Key architectural principlesEdit

   Link: mw-deduplicated-inline-style
   See also: Communication protocol § Software layering
   [IMG] 
   Enlarge
   Conceptual data flow in a simple network topology of two hosts (A and B)
   connected by a link between their respective routers. The application on
   each host executes read and write operations as if the processes were
   directly connected to each other by some kind of data pipe. After
   establishment of this pipe, most details of the communication are hidden
   from each process, as the underlying principles of communication are
   implemented in the lower protocol layers. In analogy, at the transport
   layer the communication appears as host-to-host, without knowledge of the
   application data structures and the connecting routers, while at the
   internetworking layer, individual network boundaries are traversed at each
   router.
   [IMG] 
   Enlarge
   Encapsulation of application data descending through the layers described
   in RFC 1122

   The end-to-end principle has evolved over time. Its original expression
   put the maintenance of state and overall intelligence at the edges, and
   assumed the Internet that connected the edges retained no state and
   concentrated on speed and simplicity. Real-world needs for firewalls,
   network address translators, web content caches and the like have forced
   changes in this principle.^[29]

   The robustness principle states: "In general, an implementation must be
   conservative in its sending behavior, and liberal in its receiving
   behavior. That is, it must be careful to send well-formed datagrams, but
   must accept any datagram that it can interpret (e.g., not object to
   technical errors where the meaning is still clear)."^[30] "The second part
   of the principle is almost as important: software on other hosts may
   contain deficiencies that make it unwise to exploit legal but obscure
   protocol features."^[31]

   Encapsulation is used to provide abstraction of protocols and services.
   Encapsulation is usually aligned with the division of the protocol suite
   into layers of general functionality. In general, an application (the
   highest level of the model) uses a set of protocols to send its data down
   the layers. The data is further encapsulated at each level.

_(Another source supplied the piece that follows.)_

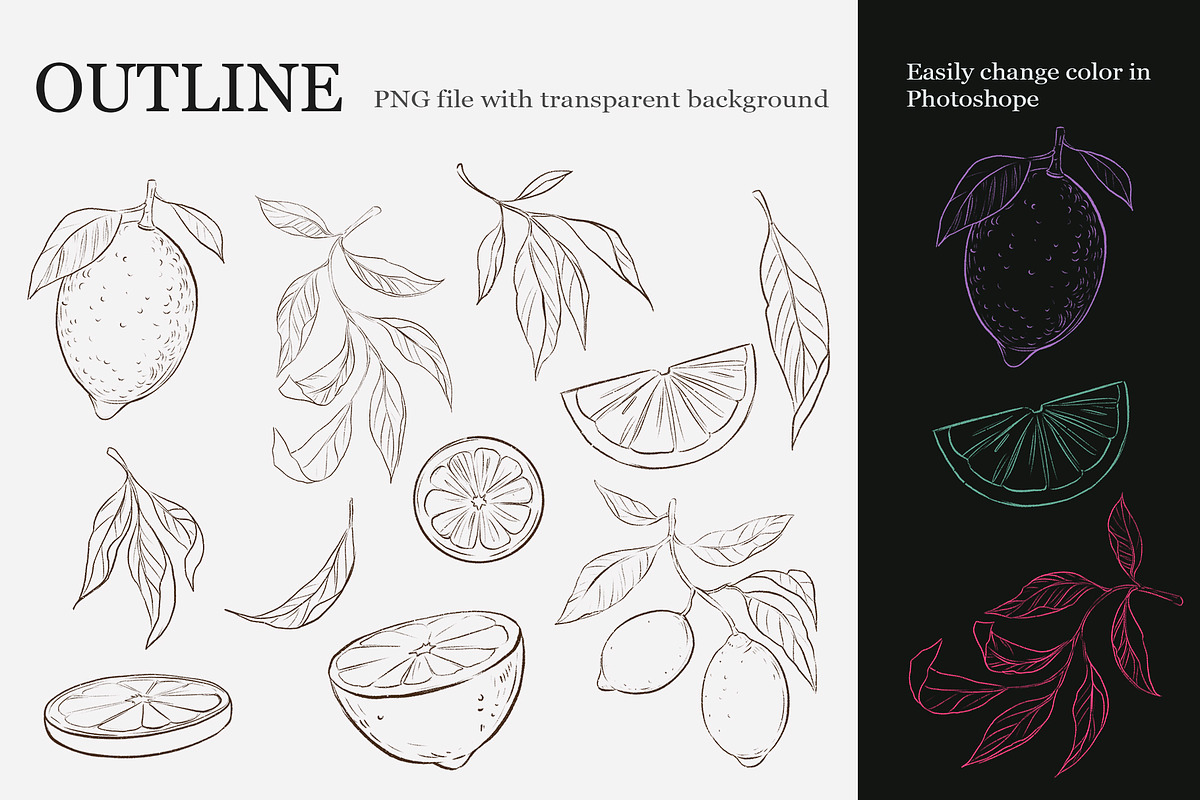 Lemon clipart, a Decorative Illustration by Aksol (Photo 3 of 4)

   An early architectural document, RFC 1122, emphasizes architectural
   principles over layering.^[32] RFC 1122, titled Host Requirements, is
   structured in paragraphs referring to layers, but the document refers to
   many other architectural principles and does not emphasize layering. It
   loosely defines a four-layer model, with the layers having names, not
   numbers, as follows:

     * The application layer is the scope within which applications, or
       processes, create user data and communicate this data to other
       applications on another or the same host. The applications make use of
       the services provided by the underlying lower layers, especially the
       transport layer which provides reliable or unreliable pipes to other
       processes. The communications partners are characterized by the
       application architecture, such as the client–server model and
       peer-to-peer networking. This is the layer in which all application
       protocols, such as SMTP, FTP, SSH, HTTP, operate. Processes are
       addressed via ports which essentially represent services.
     * The transport layer performs host-to-host communications on either the
       local network or remote networks separated by routers.^[33] It
       provides a channel for the communication needs of applications. UDP is
       the basic transport layer protocol, providing an unreliable
       connectionless datagram service. The Transmission Control Protocol
       provides flow-control, connection establishment, and reliable
       transmission of data.
     * The internet layer exchanges datagrams across network boundaries. It
       provides a uniform networking interface that hides the actual topology
       (layout) of the underlying network connections. It is therefore also
       the layer that establishes internetworking. Indeed, it defines and
       establishes the Internet. This layer defines the addressing and
       routing structures used for the TCP/IP protocol suite. The primary
       protocol in this scope is the Internet Protocol, which defines IP
       addresses. Its function in routing is to transport datagrams to the
       next host, functioning as an IP router, that has the connectivity to a
       network closer to the final data destination.
     * The link layer defines the networking methods within the scope of the
       local network link on which hosts communicate without intervening
       routers. This layer includes the protocols used to describe the local
       network topology and the interfaces needed to affect the transmission
       of Internet layer datagrams to next-neighbor hosts.

Link layerEdit

   The protocols of the link layer operate within the scope of the local
   network connection to which a host is attached. This regime is called the
   link in TCP/IP parlance and is the lowest component layer of the suite.
   The link includes all hosts accessible without traversing a router. The
   size of the link is therefore determined by the networking hardware
   design. In principle, TCP/IP is designed to be hardware independent and
   may be implemented on top of virtually any link-layer technology. This
   includes not only hardware implementations, but also virtual link layers
   such as virtual private networks and networking tunnels.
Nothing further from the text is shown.